It also affect my spending habit on Amazon too.

Jeff Bezos have been quoted Kindness is a choice but the things I've read
especially the warehouse condition is right. Kindness is a choice and it seems
like Amazon chose to not to be kind.

I'm glad they're trying to fix their culture but sheesh. The article mentioned
about competitiveness. He makes it out as if it is some cut throat thing. If I
have a family do I need more undue stress from competition while worry about
my kids and family needs? I mean do I need to suck up and watch my back from
co workers on top of everything? That's a terrible place to work for.

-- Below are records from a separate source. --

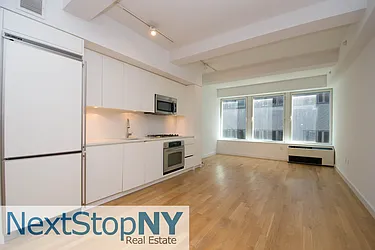 Rented by NextStopNY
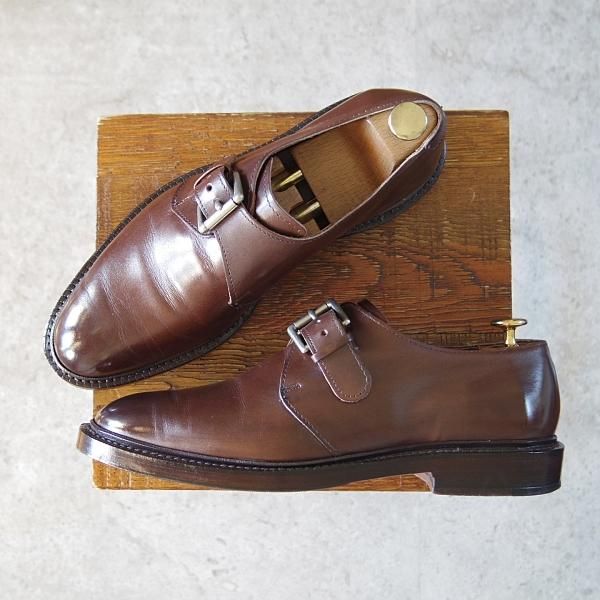 Allen edmonds shop norwich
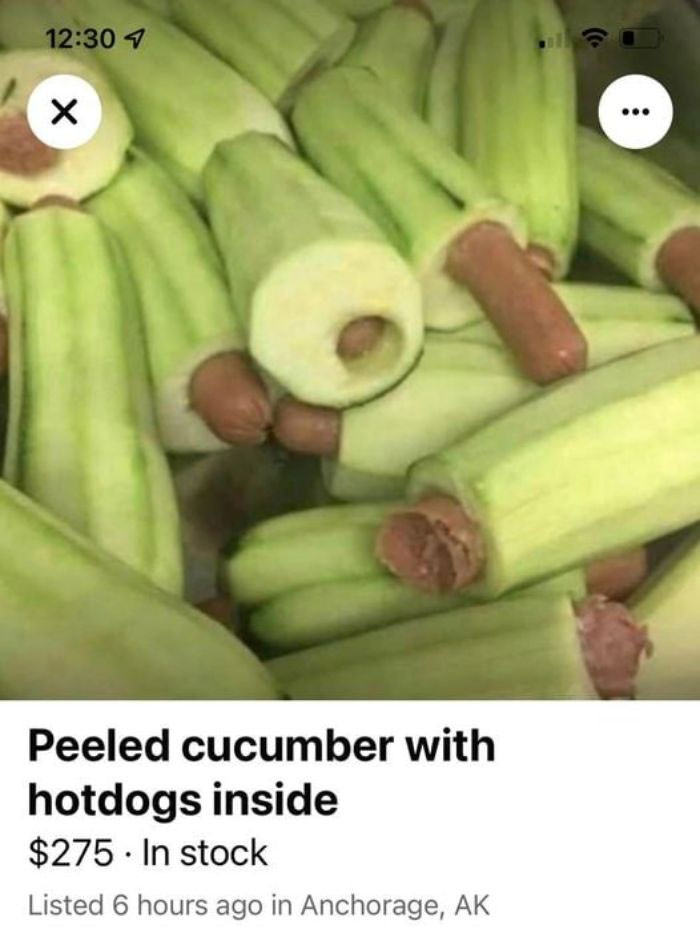 21. Wait, what!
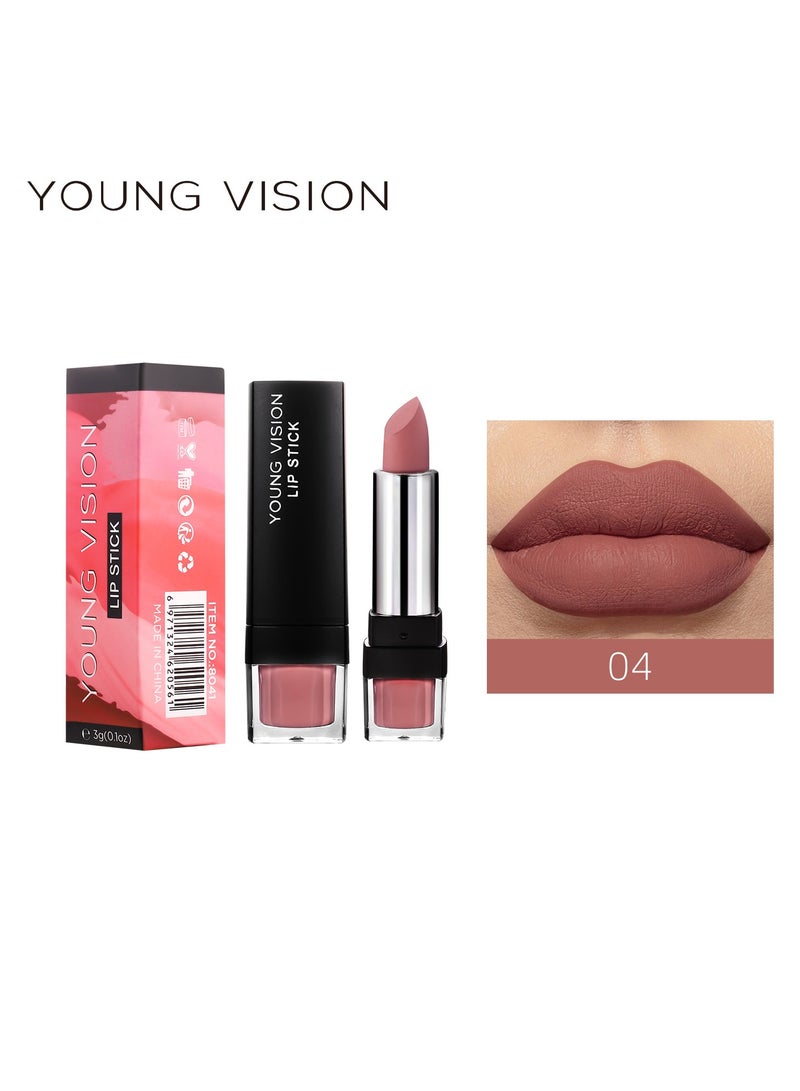 YOUNG VISION 04Matte  Lipstick - Image 5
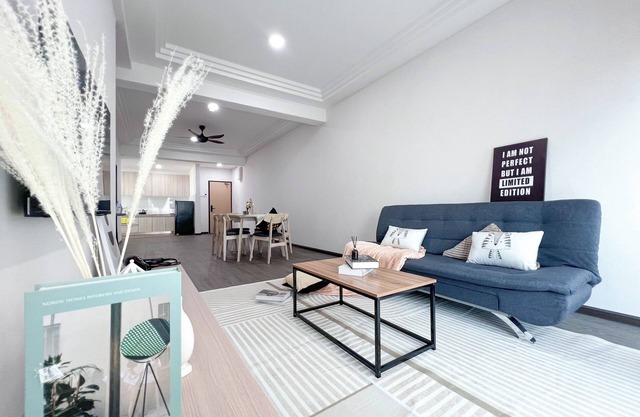 MH Maison by Manhattan Group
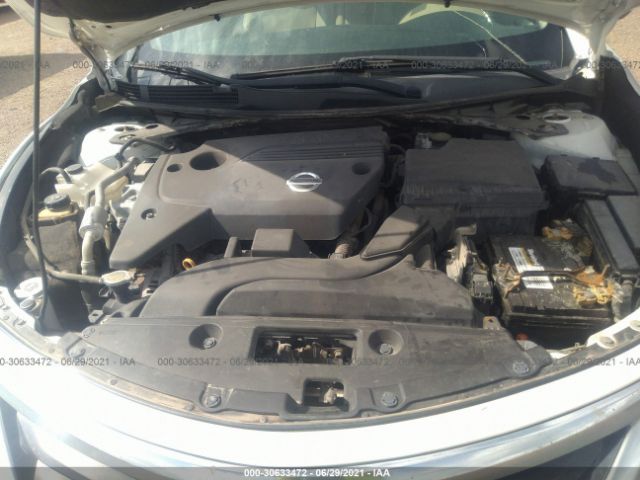 Photo 9 VIN: 1N4AL3AP5DN522548 - NISSAN ALTIMA 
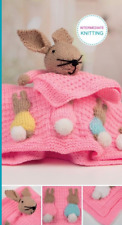 Knitting pattern copy for sale  LONDON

Even if it's not necessary so that I have cut throat coworkers, I still have
to compete against them while doing my job. That's insane. At least with
Government some branches such as FDA you get raises base on the papers you
publishes IIRC, you don't need to hurt people or compete against your peers.

------
zw123456
There was one company I worked at that, for whatever reason, people thought
that the bathroom was a good place to have a phone call. Simple fix; when
someone would start a phone call I would flush, and keep flushing every time
they talked to make sure the person on the other end could hear it. I usually
only took a few flushed for people to get the hint.

------
uji
After nytimes articles, Amazon seriously has started improving its culture.
Managers though still have same mindset of treating employees as replaceable
resources. This is one instance after the article came out. My pregnant friend
one day sent an email that she would be WFH as she isn't feeling well. Manager
replied back that this is not acceptable and you should give a week of notice
for your plans.

This might be okay in other fields, but in tech WFH is considered a perk and
companies don't care as long as you do your work.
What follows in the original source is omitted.